DETROIT — General Motors may shelve the Chevrolet Colorado name when it rolls out its all-new midsize pickups, the automaker confirmed for Edmunds on Wednesday.
The Colorado name was only used for one generation on the truck and "doesn't have a lot of equity," a Chevrolet spokesman said. Before the Colorado name debuted, the truck was called the Chevrolet S10.
"We're looking at possibly changing the name of the Colorado, but we haven't made a decision yet," said Tom Wilkinson, a GM spokesman, in a phone conversation. "This is a multi-path process. You get suggestions internally, reach out to advertising and marketing agencies. You come up with hundreds of potential names that have to go through the legal process."

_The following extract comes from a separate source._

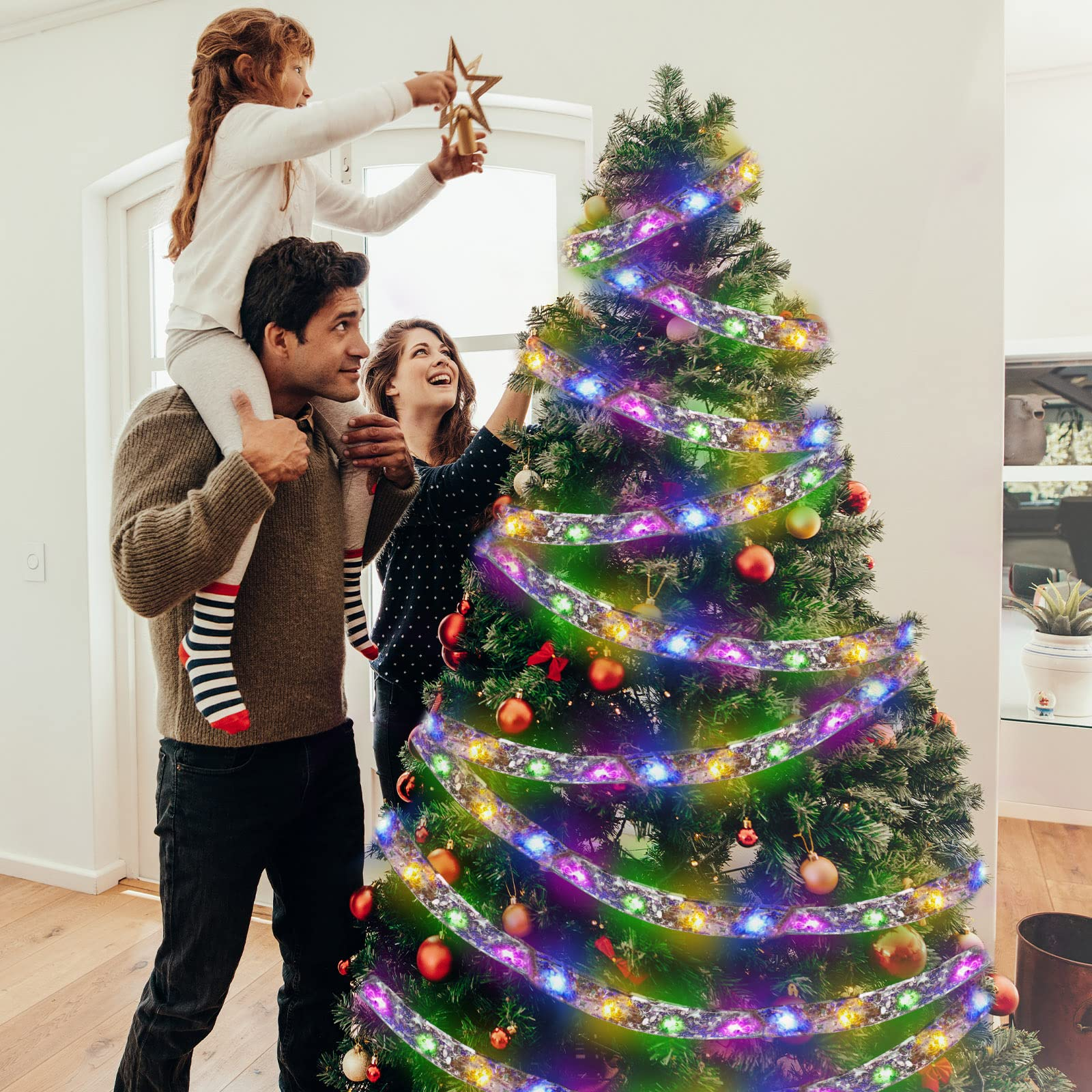 Familie schmückt einen Weihnachtsbaum mit Lichtern, Ornamenten und einem Stern oben drauf.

He said he hadn't seen the list of proposed names for the midsize trucks.
Production of the new Chevrolet Colorado and GMC Canyon replacements will start in 2014. Wilkinson did not disclose when and if the new trucks will be shown later this year.
GM is developing a U.S. version of the new global Chevrolet Colorado, which is sold in Thailand and Australia. The new midsize trucks are aimed at the Toyota Tacoma. They are expected to have radically different styling and powertrains than the full-size Chevrolet Silverado and GMC Sierra, as well as an emphasis on fuel economy.
"We think there is an opportunity for a really great midsize pickup," Wilkinson said. "There's a lot of interest in fuel efficiency. The question is the right way to do that."
The 2012 Chevrolet Colorado 2WD with a 2.9-liter four-cylinder engine and four-speed automatic transmission returns 18 mpg in city driving and 25 mpg on the highway, according to the EPA.
Edmunds says: GM wants to start with a clean sheet of paper when it comes to its new midsize trucks — and a name change is a good way to telegraph that message.